Стиснув в руках шапку, не разбирая дороги, Зализняк шагал по улице.
«Неужели не удастся выручить? — сверлила мозг мысль. — Не может быть… А что же можно сделать?..»
В Стеблевском курене волновались сечевики. Как только Зализняк переступил порог, к нему подошли Данило Хрен и носатый запорожец, которому так понравился Роман.
— О, да ты, я вижу, совсем скис, — сказал носатый. — Ничего, мы ещё увидим, кто возьмет верх. Нищий до тех пор слабый, пока собаки не обступят.
— У тебя деньги есть? — спросил Хрен. — Нужно довбишу дать, чтобы завтра коня не держал крепко. Никто не верит в Романову вину. Не такой он хлопец. Ну, стоять нечего. Айда по куреням, наши хлопцы уже разошлись.
Зализняк вынул из череса заработанные в Очакове деньги, свои и Романа, высыпал Хрену на ладонь. Носатый запорожец тоже полез в карман. Один за другим выворачивал он их, но нашел лишь пятак.
— Это остаток, всё вчера пропил. Мало будет ваших — у хлопцев достанем. Для такого дела не пожалеют.
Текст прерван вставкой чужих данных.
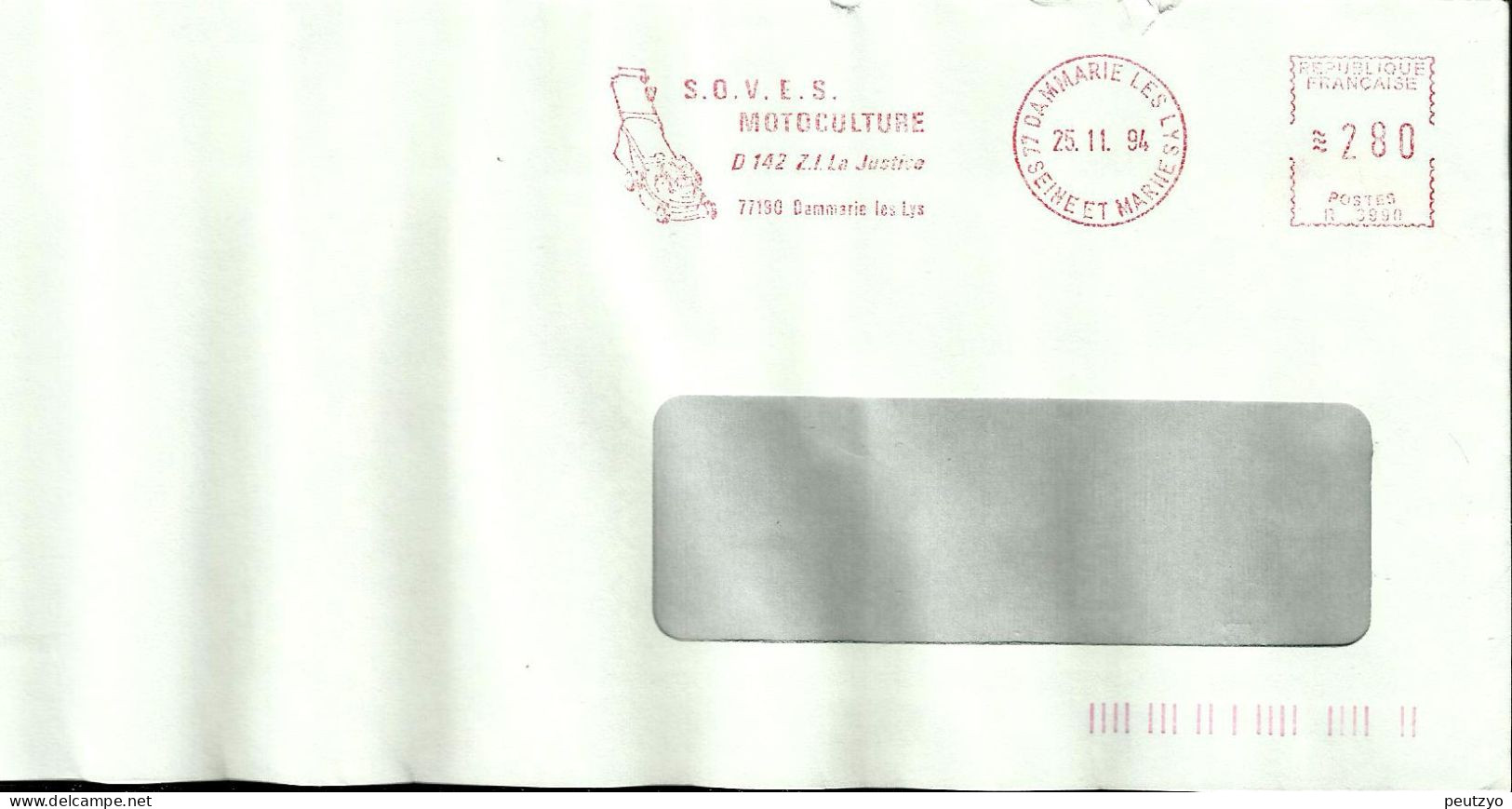 Lettre Entiere EMA  Soves Motoculture  Agriculture Tondeuse à Gazon Metier Industrie 77 Dammarie Les Lys  B/486 - Agriculture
Утром следующего дня, несмотря на дождь, из куреней валом повалили запорожцы. Пешие и конные, толпой двигались они за Сечь в сторону Кошеиванцовской могилы, где должна была состояться казнь.
В длинных серых кобеняках,
[27]
они походили на измокших грачей. В степи около могилы стоял шум, над головами от люлек редким туманом поднимался дым. Старшины стояли в стороне небольшим кругом. Максим поискал глазами Карася, но его не было, наверное скрывался дома.
— Везут! — вдруг крикнул кто-то.
Максим посмотрел через головы. Дорогой от Сечи ехал запряженный буланым конем воз; за ним, окруженный четырьмя есаулами, шел Роман. Он был без шапки, полы расстегнутого кунтуша развевал ветер. Посиневшими, мокрыми от дождя губами Роман читал канон на исход своей души. За Романом шли поп и дьячок, а уже за ними — большая толпа запорожцев Стеблевского куреня.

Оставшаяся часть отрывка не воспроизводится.